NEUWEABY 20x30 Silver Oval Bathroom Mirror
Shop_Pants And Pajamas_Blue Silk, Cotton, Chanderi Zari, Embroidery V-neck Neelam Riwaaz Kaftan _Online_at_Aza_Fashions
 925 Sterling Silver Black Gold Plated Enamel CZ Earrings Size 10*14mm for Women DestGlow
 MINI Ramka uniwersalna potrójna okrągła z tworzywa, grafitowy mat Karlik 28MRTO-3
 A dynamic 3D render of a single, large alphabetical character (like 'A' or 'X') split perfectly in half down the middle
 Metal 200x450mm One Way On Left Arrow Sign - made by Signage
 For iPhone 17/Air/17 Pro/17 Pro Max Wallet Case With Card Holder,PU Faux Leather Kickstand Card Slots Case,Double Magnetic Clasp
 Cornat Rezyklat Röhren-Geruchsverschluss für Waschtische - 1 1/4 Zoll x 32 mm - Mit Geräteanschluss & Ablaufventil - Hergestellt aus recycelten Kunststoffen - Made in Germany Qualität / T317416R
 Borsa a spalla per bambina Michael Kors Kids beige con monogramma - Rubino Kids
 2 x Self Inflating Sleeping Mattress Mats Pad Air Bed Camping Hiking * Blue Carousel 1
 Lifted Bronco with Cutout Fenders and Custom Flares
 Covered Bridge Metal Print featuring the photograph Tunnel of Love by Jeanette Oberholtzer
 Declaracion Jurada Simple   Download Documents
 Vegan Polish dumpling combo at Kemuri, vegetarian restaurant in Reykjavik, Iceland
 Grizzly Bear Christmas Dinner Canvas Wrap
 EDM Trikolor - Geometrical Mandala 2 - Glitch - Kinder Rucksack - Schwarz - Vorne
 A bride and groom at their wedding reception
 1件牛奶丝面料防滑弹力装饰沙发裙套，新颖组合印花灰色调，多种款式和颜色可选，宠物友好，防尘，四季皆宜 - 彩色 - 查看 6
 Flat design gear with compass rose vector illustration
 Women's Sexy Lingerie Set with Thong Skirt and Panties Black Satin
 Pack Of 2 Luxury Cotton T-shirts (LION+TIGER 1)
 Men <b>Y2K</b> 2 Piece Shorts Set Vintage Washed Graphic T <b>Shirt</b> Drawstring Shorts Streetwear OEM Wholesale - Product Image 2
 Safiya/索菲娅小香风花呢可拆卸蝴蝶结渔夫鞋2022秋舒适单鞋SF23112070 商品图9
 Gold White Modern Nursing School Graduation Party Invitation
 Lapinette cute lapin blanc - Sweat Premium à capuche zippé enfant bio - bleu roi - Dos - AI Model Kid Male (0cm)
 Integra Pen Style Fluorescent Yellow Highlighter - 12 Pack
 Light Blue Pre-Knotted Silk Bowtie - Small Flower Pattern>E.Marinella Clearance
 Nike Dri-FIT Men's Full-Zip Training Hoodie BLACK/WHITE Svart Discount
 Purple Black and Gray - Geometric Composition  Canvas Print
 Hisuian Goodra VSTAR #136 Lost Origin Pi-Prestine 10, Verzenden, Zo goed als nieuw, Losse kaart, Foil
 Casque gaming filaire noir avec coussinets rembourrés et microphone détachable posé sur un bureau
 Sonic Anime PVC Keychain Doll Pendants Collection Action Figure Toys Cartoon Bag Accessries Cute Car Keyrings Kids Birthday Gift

────

Task to complete:
Across the listing, count every line with "Silver" in it and give the number only.

Exercise solution:
2